People need different amounts of interaction with other people. Some of us naturally focus our energy on the outer world and are more extraverted, while others focus our energy on our inner world of thoughts and feelings and are more introverted. Nobody is wholly one or the other – if they were they would be a 24/7 party animal or a hermit. But the balance between the two is different for each of us. Knowing where your balance lies means you can take care of your needs for interaction or time alone.

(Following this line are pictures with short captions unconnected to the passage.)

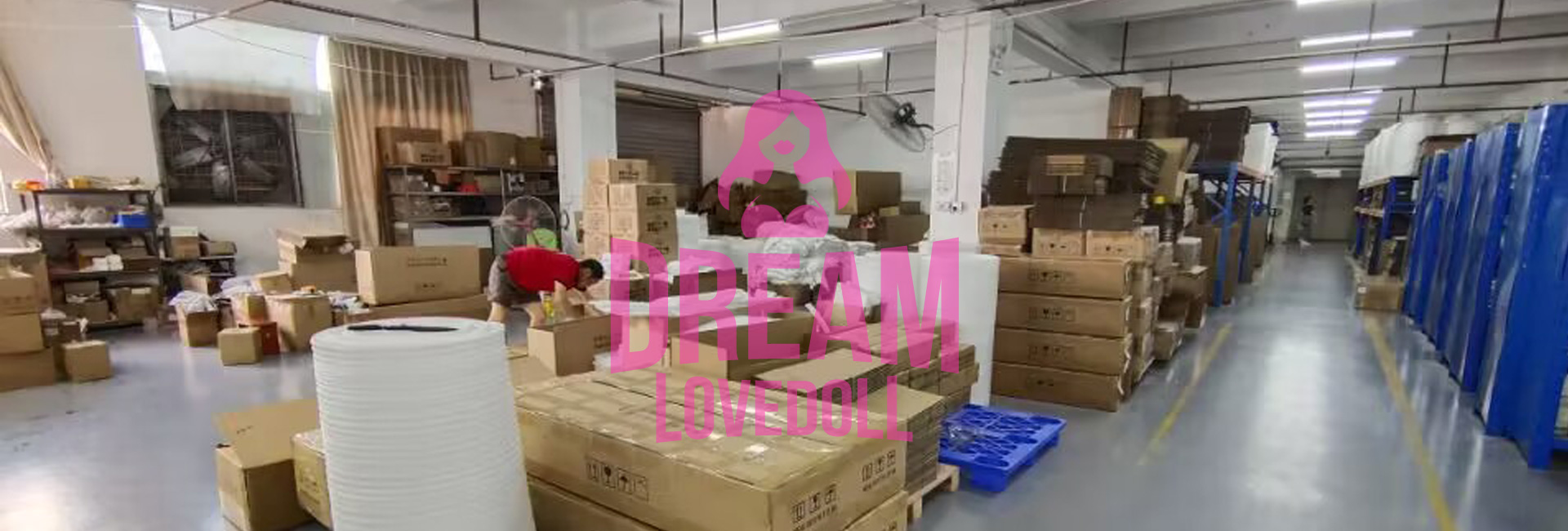 dream love doll factory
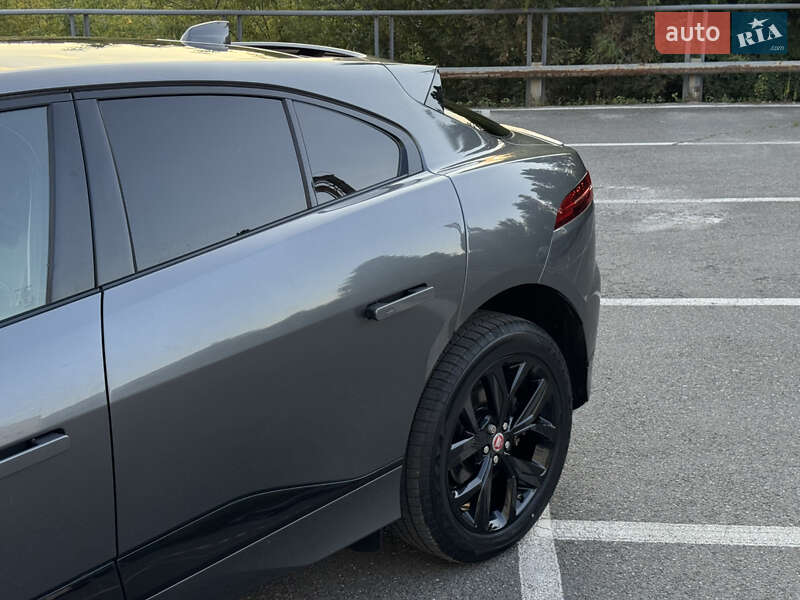 Внедорожник / Кроссовер Jaguar I-Pace 2019 в Киеве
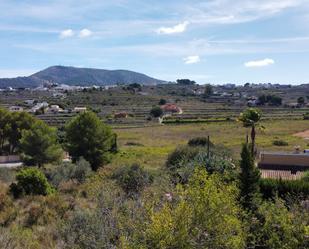 Residencial en venda en Benitachell / El Poble Nou de Benitatxell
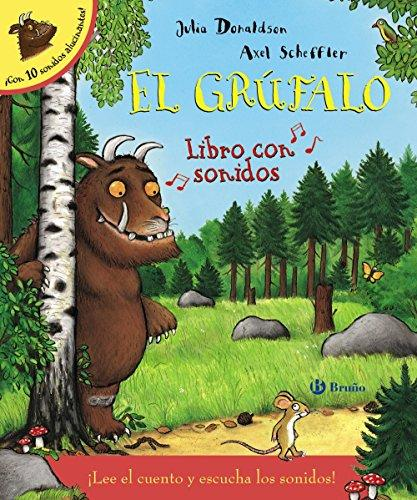 [9788469603260] EL GRÚFALO (libro con sonidos)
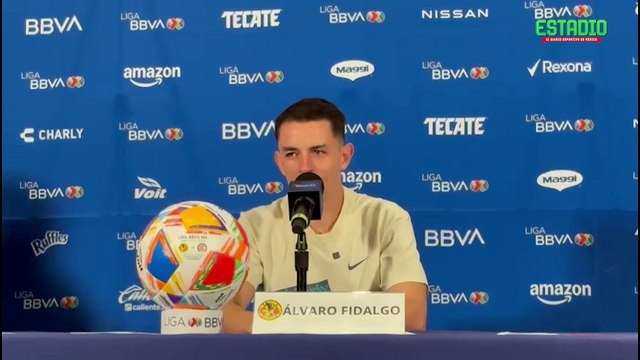 Álvaro Fidalgo ve a Toluca CON MÁS PRESIÓN en la FINAL | Estadio Deportes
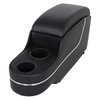 Classic Deluxe Pony Console 1965-73 Mustang Coupe & Fastback - image 1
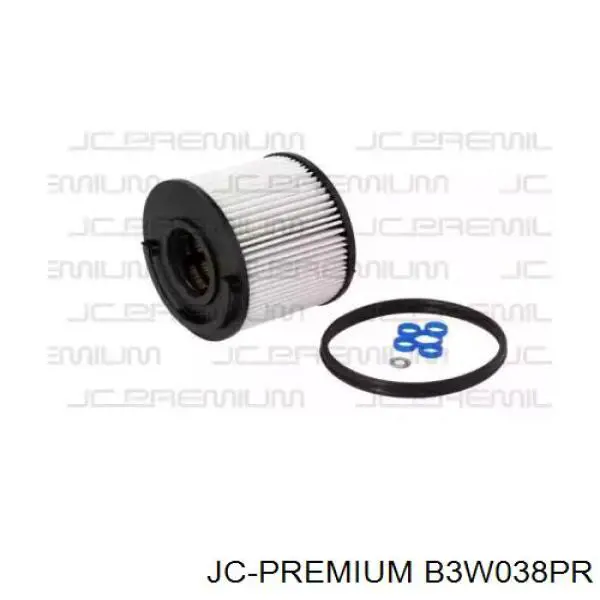 Топливный фильтр B3W038PR JC Premium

A more extraverted mother probably enjoys lots of interaction with other people and may find it difficult to be alone with a baby all week. It’s not selfish to acknowledge this, and do some things that will energise you, such as meeting friends, having a night out, or joining a group. A more introverted mother might find it difficult to be constantly in the company of noisy and demanding toddlers and other mothers. It’s ok to take some time away from them to recharge your energy levels. Looking after yourself in these ways gives you the energy to look after your children.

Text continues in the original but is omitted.